Saves the Day Rock Their Paranoia
“This record is about the black clouds inside my mind,” says Saves the Day frontman and songwriter Chris Conley of his band’s new record Sound the Alarm. “It was these intense fears and paranoia and diluted thoughts that were eating me alive. It was utter insanity.”
The insanity Conley is referring to began in 2003, when Saves the Day released In Reverie, their major-label debut, on DreamWorks Records. This was supposed to be the New Jersey punks’ big break — but fate had other plans. Within weeks of releasing the album, DreamWorks was absorbed by Interscope, and the band found themselves a small fish in an enormous pond. After a string of successful indie releases — including 2001’s Stay What You Are — Saves the Day found themselves selling fewer copies (less than 200,000) on a major. Conley was devastated.
“The album was pronounced dead three days after it came out,” he says, the disbelief still apparent in his voice. The night the band were playing their largest headlining show ever, to 4,000 at New Jersey’s Asbury Park, Conley got a call he’ll never forget. “It was our A&R guy at DreamWorks, and he said, ‘None of the programmers at radio are biting at the single, and MTV doesn’t want to play the video, so we’re going have to start thinking about the next record.’ I had a total breakdown. I was like, ‘How is this possible? The album just came out!'” Within weeks, the band was dropped from Interscope and Conley promptly hit “rock bottom.”

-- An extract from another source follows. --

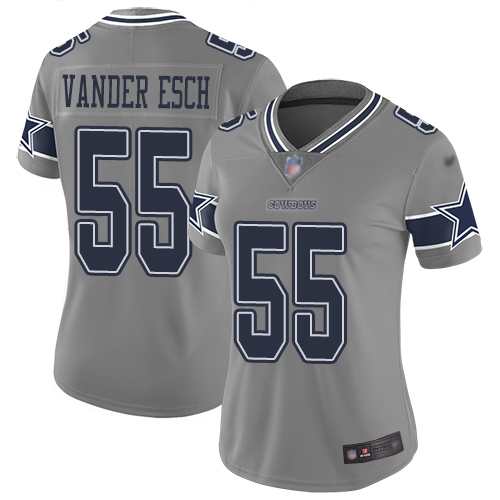 Cowboys #55 Leighton Vander Esch Gray Women's Stitched Football Limited Inverted Legend Jersey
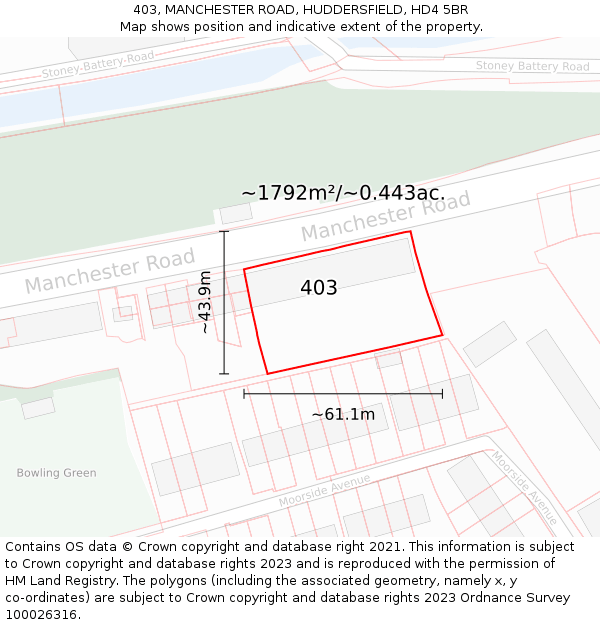 403, MANCHESTER ROAD, HUDDERSFIELD, HD4 5BR: Plot and title map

Without a label, the group decided to make a bold move: They put all the money they had left into building their own recording studio.
For Conley, it was all about ignoring their short-term plight and committing to making music for the long run. “We knew that we could keep touring because we have dedicated fans,” he says. “And as long as we can keep touring, if we have a place to make cheap records, we can keep the band going for years. That’s
what’s fun for us.”
But as Saves the Day hunkered down to forge ahead with new material, Conley found himself crippled by self-doubt. “I completely lost faith in myself after In Reverie,” he confesses. “I’ve always second guessed myself and was always self loathing, but when that happened, a chamber got opened up inside me, a vault of seething despair. And there were all these voices. It was swallowing me — I had so many fears. Like, I should just call it quits, and the whole world would be
way better off without me.” His self-confidence was further hindered by what he took to be the complete creative disinterest of bassist Eben D’Amico. (D’Amico was replaced just before the Sound the Alarm sessions by former Glassjaw bassist Manny Carrero.)
Eventually, Conley locked himself in a room and forced himself to write. The resulting tracks are some of the darkest and most aggressive of his career. “During In Reverie, that was a time during my life when the band continued to have success and things were going great and I didn’t have that much to vent about,” Conley explains. “And then all of a sudden, the shit storm came. And there was plenty of material — just frustration and rage and desperation, just the fear of losing everything. Tons of fuel for the fire.”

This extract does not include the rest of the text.